= PROBLEM =
Line by line, the data below should be set down unchanged, with images excluded.

*** GIVEN INFORMATION Section Begins ***

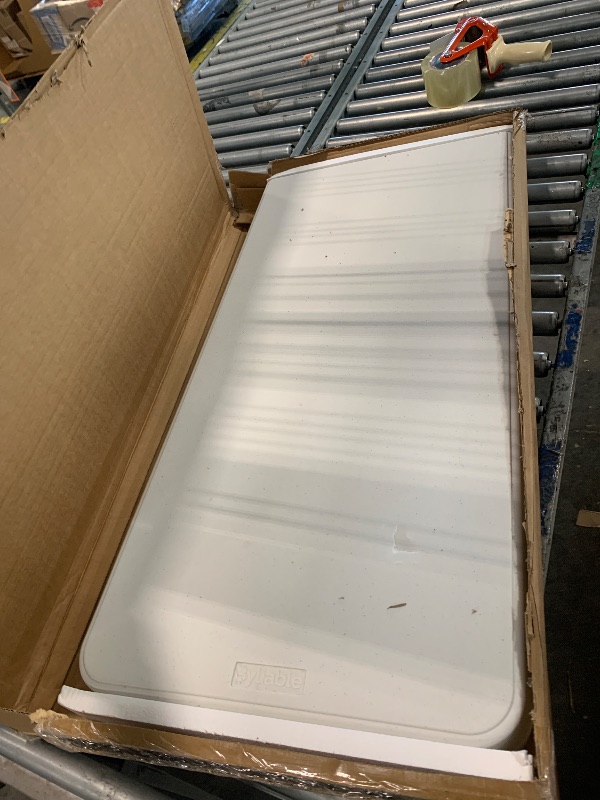 Photo 1 of ***MINOR DENT***
Byliable Folding Table 6FT Narrow Portable Plastic Heavy Duty Table, White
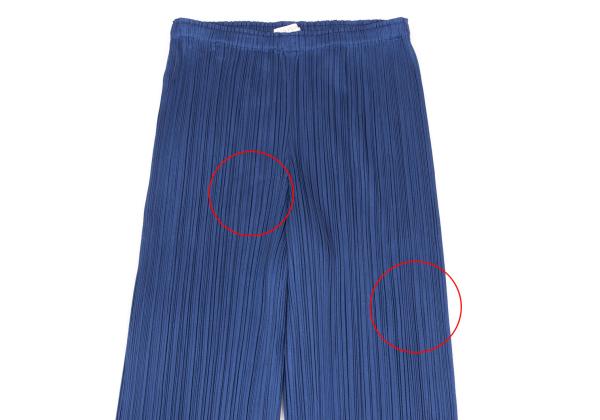 PLEATS PLEASE Pleated Irregular Hem Pants Blue Size 2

*** GIVEN INFORMATION Section Ends ***

= RESPONSE FOR THIS EXERCISE =
 Photo 1 of ***MINOR DENT***
Byliable Folding Table 6FT Narrow Portable Plastic Heavy Duty Table, White
 PLEATS PLEASE Pleated Irregular Hem Pants Blue Size 2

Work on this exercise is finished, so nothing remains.